Afrique, prends garde de perdre ton âme

La Croix 4/1967

 

Rentré en France, mon cher Paul, je voudrais te rappeler nos conversations au bord du fleuve dans ton pays Sara. T'en souviens-tu ? Le paysage autour de nous vivait de toute la faune de ton pays. Des oiseaux verts, des oiseaux rouges striaient de traits de feu le jour déclinant. Sur la rive, des grues d'ébène crêtes d'or se pavanaient, et, malgré le sérieux de nos propos, nous guettions un hippopotame qui, de temps à autres, dressait sa face hilare au-dessus des eaux. Comme je venais de la monochromie opaque et muette de la forêt, ce monde animal me ravissait.

Tu me disais cette espèce de crainte que t'inspire notre civilisation européenne. Tu redoutais d'en subir l'influence et qu'elle altère ta personnalité africaine.  J'y ai souvent repensé depuis et d'autant plus que tu osais m'exprimer ce que pensent beaucoup de tes amis. Vois-tu, je comprends que tu veuilles préserver cette personnalité et d'autant plus que tu sais combien je l'aime. Tu m'as vu avec les vieux du terroir, peut-être plus près d'eux que toi. Mais justement je peux te dire combien ta crainte est vaine. André Gide l'a écrit dans une de ses meilleures pages : on ne doit jamais redouter une influence, car elle n'est pas un élément extérieur qui s'introduit en nous au prix d'amputations, mais au contraire quelque chose comme un ferment.

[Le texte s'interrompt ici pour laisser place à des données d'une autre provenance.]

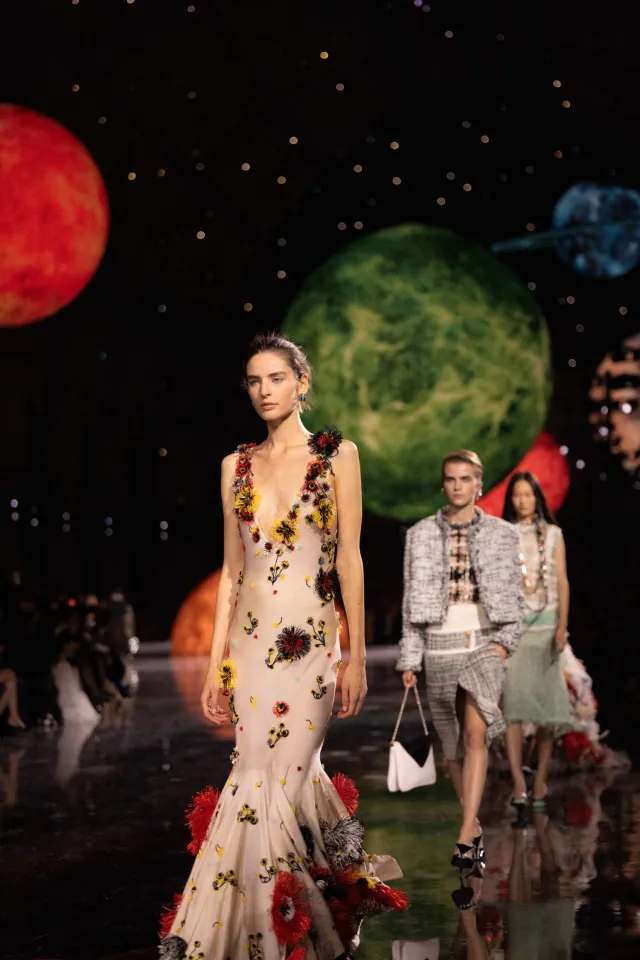 Матье Блази представил свою первую женскую коллекцию для Chanel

Seules les natures riches la subissent, car elles seules en sont capables. Loin d'amputer, elle dégage ce que nous portons en nous. Or, l'Afrique possède une nature assez riche pour bénéficier des influences.

Ta crainte provient aussi de ce que tu n'as pas assez conscience de cette richesse africaine car, garçon des villes, tu connais mal les paysans de ton pays et leur sagesse. Tu ignores donc ce que la rencontre de l'Europe « révélera » de l'Afrique (il faut prendre ce mot « révéler » comme en photographie). Tu devrais pourtant savoir que la culture africaine peut résister à bien des assauts. J'en donne pour témoin la survivance des traditions africaines dans les sociétés de « Nègres Marrons » de Guyane. Ces mêmes fugitifs, tapis dans les faubourgs, ont sauvegardé, malgré la vigilance des Blancs, la spiritualité de chez vous.  La philosophie bantoue s'épanouit en Louisiane, et vos cultes se maintiennent dans un Vaudou Haïtien qui mérite mieux que le snobisme dont on l'entoure. Vois-tu, ce que je redoute le plus, c'est votre complexe d'infériorité : c'est lui qui, dans les Amériques, a recouvert d'une gangue de syncrétisme vos plus authentiques traditions religieuses.

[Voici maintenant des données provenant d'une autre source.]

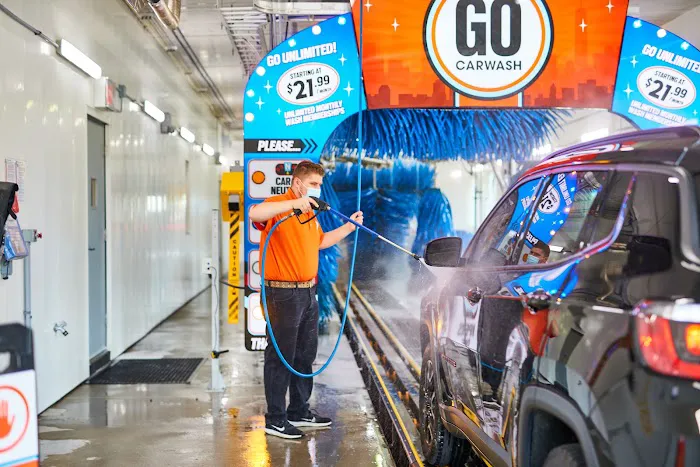 GO Car Wash Picture 2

Votre hantise, à tes amis et à toi, de ne pas subir d'influences. Me semble pernicieuse. Vous êtes obligés, tu l'admets, de nous emprunter des techniques où tu cantonnes notre mérite. Or ce sont justement ces techniques qui peuvent amputer votre personnalité si vous les retranchez de la spiritualité qui les a fait naître. Elles sont l'aboutissement d'une longue aventure spirituelle qui leur donne un visage de prière. Ce qui est beau, ce n'est pas de projeter une fusée vers la lune, mais la masse des renoncements et des ascèses qui en ont accumulé le pouvoir. Si tu réduis la technique à elle-même, sans rien vouloir, peur d'influences, connaître de ce qui l'a suscitée et en connaître quelque chose comme le principe vital, alors redoute que cette technique te « chosifie ». Alors redoute de devenir la simple machine à la consommer.

Vois-tu, Paul, parce que j'aime l'Afrique d'un amour charnel, je plaide pour son âme. Sois le messager des influences qui la « révéleront ». Sache contre l'assaut des choses la fertiliser par la culture spirituelle qui les a créées.